Where the line with "Prada Nylon Re-Edition" appears below, start writing out lines exactly, and finish with the line with "Tônico facial esfoliante", which is included; write out nothing else.
>>
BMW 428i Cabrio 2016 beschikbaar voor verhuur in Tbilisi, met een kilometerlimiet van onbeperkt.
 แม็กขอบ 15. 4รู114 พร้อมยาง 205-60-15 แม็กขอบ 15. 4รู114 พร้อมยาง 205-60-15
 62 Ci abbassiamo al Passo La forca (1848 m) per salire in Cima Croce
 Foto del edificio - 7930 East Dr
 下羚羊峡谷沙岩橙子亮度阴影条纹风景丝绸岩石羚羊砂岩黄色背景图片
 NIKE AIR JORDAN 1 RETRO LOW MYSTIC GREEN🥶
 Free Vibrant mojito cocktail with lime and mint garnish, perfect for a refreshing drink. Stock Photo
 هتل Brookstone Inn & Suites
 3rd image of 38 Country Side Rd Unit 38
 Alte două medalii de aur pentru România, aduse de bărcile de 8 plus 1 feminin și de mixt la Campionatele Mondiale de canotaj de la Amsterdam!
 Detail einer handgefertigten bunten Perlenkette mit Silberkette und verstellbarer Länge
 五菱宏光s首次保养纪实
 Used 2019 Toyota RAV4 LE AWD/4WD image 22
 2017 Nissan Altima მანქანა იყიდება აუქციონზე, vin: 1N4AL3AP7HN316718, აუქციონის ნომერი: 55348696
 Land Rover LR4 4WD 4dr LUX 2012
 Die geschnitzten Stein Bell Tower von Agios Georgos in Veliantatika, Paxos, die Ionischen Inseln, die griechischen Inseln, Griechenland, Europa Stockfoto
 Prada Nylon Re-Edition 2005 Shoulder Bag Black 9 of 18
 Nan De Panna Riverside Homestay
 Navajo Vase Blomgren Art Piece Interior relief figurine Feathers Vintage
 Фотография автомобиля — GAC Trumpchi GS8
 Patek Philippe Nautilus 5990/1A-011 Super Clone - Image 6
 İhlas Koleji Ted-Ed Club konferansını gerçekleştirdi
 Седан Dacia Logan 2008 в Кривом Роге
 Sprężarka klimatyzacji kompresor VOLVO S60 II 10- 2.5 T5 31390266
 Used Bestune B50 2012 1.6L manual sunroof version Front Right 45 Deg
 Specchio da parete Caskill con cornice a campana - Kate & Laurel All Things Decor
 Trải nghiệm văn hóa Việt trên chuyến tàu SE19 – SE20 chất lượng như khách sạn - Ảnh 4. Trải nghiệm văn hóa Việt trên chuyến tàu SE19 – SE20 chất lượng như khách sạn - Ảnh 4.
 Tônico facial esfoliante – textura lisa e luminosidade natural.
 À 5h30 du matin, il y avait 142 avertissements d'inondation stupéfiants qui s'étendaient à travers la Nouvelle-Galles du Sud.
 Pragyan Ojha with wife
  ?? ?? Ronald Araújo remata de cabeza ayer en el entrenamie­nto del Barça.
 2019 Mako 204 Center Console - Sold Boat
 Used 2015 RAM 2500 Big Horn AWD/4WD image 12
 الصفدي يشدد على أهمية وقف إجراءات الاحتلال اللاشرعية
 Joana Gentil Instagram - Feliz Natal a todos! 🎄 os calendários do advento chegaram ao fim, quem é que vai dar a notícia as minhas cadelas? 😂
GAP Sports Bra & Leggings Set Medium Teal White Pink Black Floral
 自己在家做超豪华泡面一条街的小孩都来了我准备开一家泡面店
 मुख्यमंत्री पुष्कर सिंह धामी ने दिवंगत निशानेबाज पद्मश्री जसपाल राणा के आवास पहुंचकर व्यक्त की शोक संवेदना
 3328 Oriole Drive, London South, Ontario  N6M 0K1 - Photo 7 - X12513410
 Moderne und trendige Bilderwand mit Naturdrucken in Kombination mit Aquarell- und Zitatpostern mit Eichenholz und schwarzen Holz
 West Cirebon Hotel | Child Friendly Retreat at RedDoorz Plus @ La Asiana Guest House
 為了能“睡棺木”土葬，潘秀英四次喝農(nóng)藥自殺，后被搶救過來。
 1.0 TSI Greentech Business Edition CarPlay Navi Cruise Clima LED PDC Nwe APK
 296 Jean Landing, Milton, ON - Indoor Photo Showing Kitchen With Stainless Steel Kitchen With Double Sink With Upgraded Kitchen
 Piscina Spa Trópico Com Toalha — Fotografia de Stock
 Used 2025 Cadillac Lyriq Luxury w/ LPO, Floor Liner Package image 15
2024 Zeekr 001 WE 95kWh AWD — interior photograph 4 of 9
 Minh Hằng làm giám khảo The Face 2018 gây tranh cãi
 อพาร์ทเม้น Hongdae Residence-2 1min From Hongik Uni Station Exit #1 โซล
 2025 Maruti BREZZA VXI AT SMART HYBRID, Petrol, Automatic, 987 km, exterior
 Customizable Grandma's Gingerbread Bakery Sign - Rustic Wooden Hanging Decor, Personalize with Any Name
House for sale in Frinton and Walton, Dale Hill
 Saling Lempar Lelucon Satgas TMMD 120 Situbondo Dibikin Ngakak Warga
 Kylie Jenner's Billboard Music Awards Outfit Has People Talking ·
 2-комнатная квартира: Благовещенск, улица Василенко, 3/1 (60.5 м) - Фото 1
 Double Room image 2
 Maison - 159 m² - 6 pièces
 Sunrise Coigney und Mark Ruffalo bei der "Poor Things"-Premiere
<<
== Exercise response ==
 Prada Nylon Re-Edition 2005 Shoulder Bag Black 9 of 18
 Nan De Panna Riverside Homestay
 Navajo Vase Blomgren Art Piece Interior relief figurine Feathers Vintage
 Фотография автомобиля — GAC Trumpchi GS8
 Patek Philippe Nautilus 5990/1A-011 Super Clone - Image 6
 İhlas Koleji Ted-Ed Club konferansını gerçekleştirdi
 Седан Dacia Logan 2008 в Кривом Роге
 Sprężarka klimatyzacji kompresor VOLVO S60 II 10- 2.5 T5 31390266
 Used Bestune B50 2012 1.6L manual sunroof version Front Right 45 Deg
 Specchio da parete Caskill con cornice a campana - Kate & Laurel All Things Decor
 Trải nghiệm văn hóa Việt trên chuyến tàu SE19 – SE20 chất lượng như khách sạn - Ảnh 4. Trải nghiệm văn hóa Việt trên chuyến tàu SE19 – SE20 chất lượng như khách sạn - Ảnh 4.
 Tônico facial esfoliante – textura lisa e luminosidade natural.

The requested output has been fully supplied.